- Work required
Below are records; extract exactly the lines from the one containing "Nozizeptives Verhalten in Drosophila" through the last, both included, and keep the pictures out.

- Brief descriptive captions
-.-.-

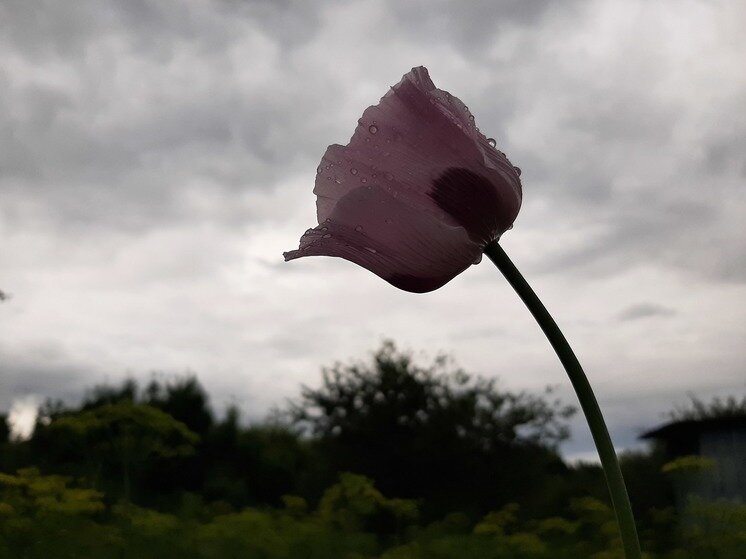     Фото: Евгений Кузнецов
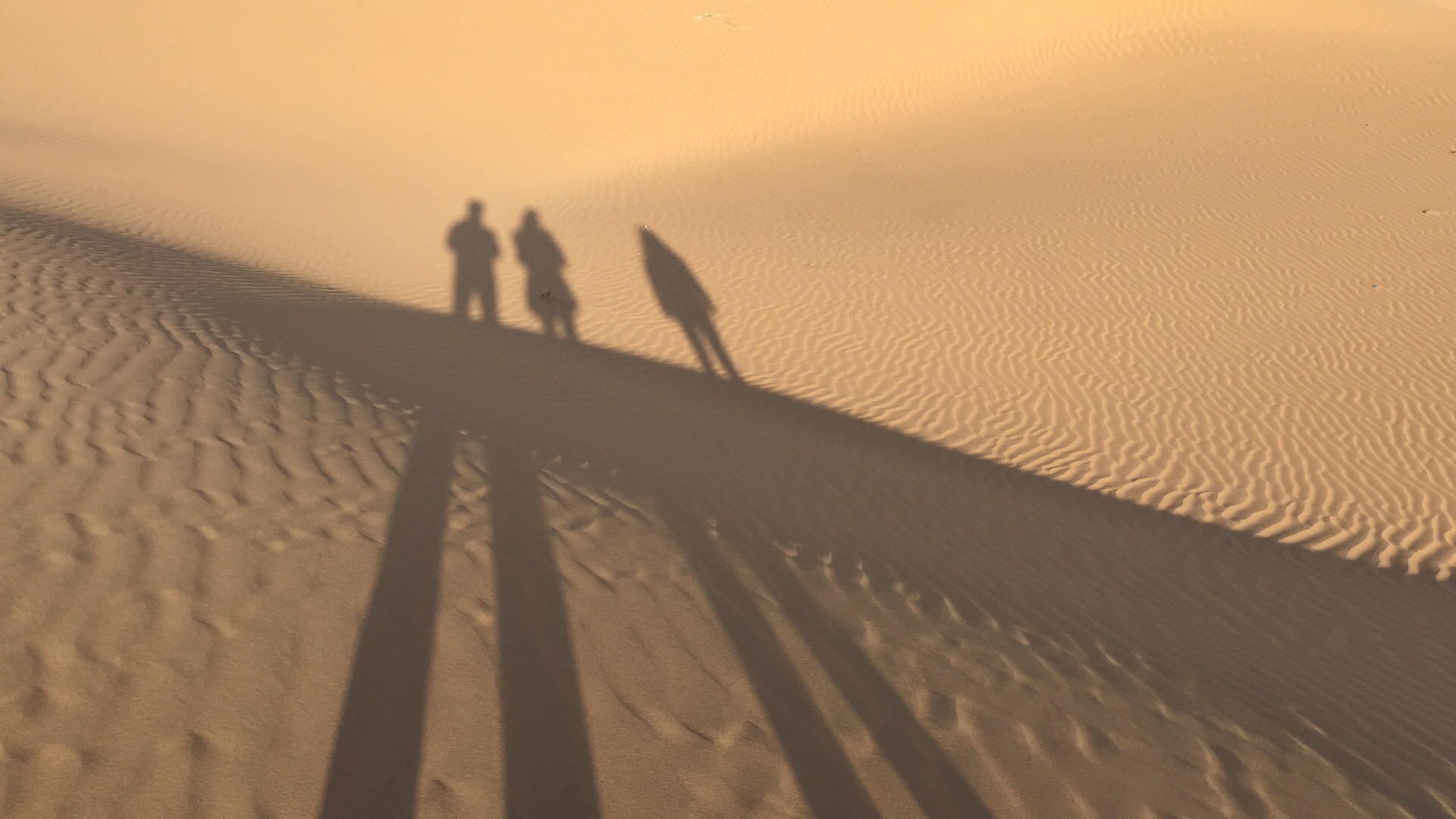 假期突如其来的快乐,一次突如其来的惊喜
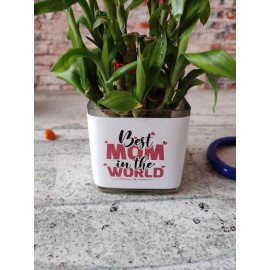 Bamboo Plant in “Best mom in the world” Planter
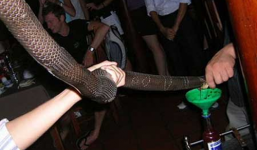 Chóng mặt với đủ món 'đặc sản' cường dương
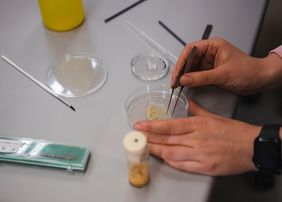 Nozizeptives Verhalten in Drosophila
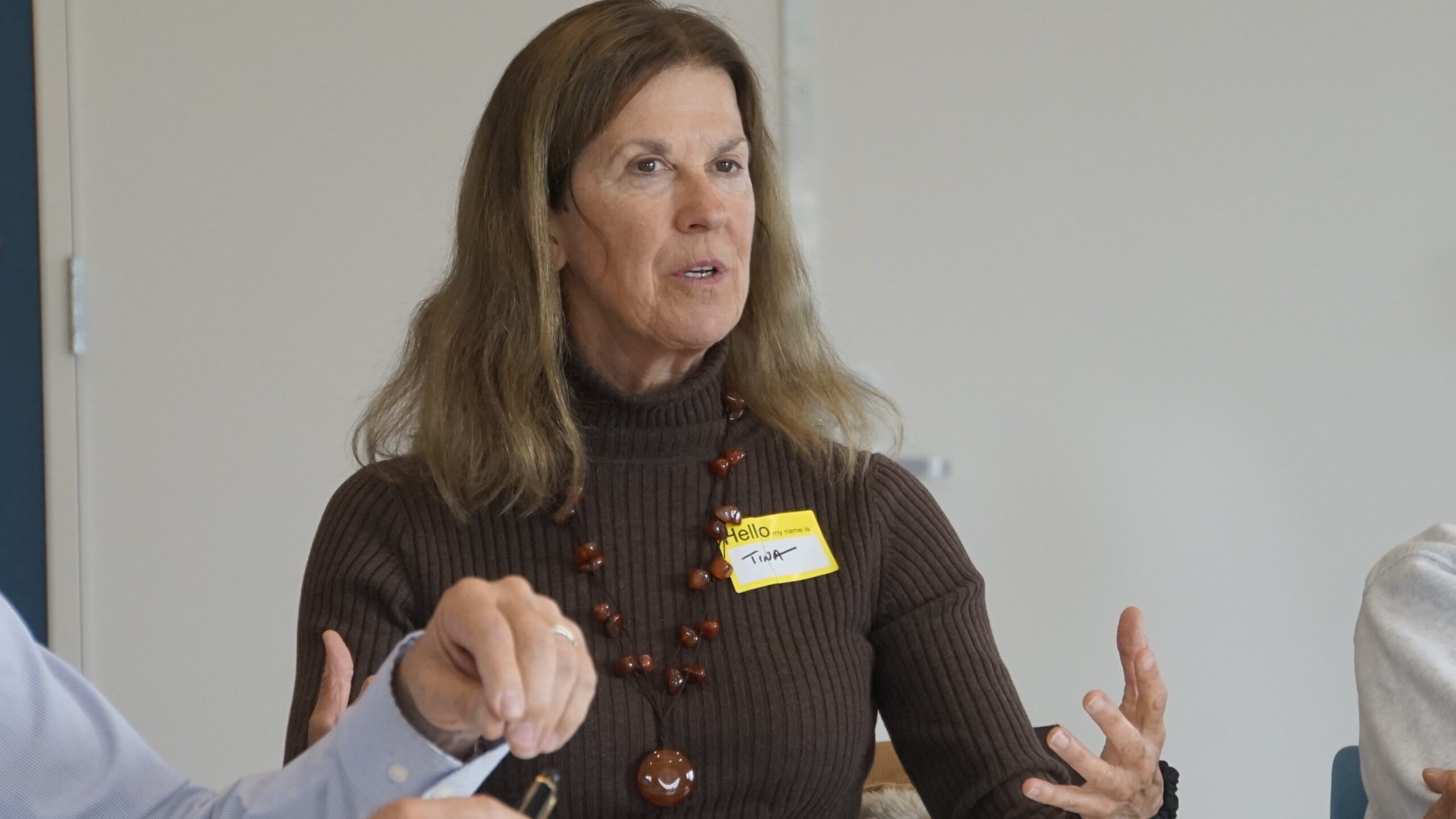 A woman with long brown hair speaks and gestures with her hands.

-.-.-

- Expected output
 Nozizeptives Verhalten in Drosophila
 A woman with long brown hair speaks and gestures with her hands.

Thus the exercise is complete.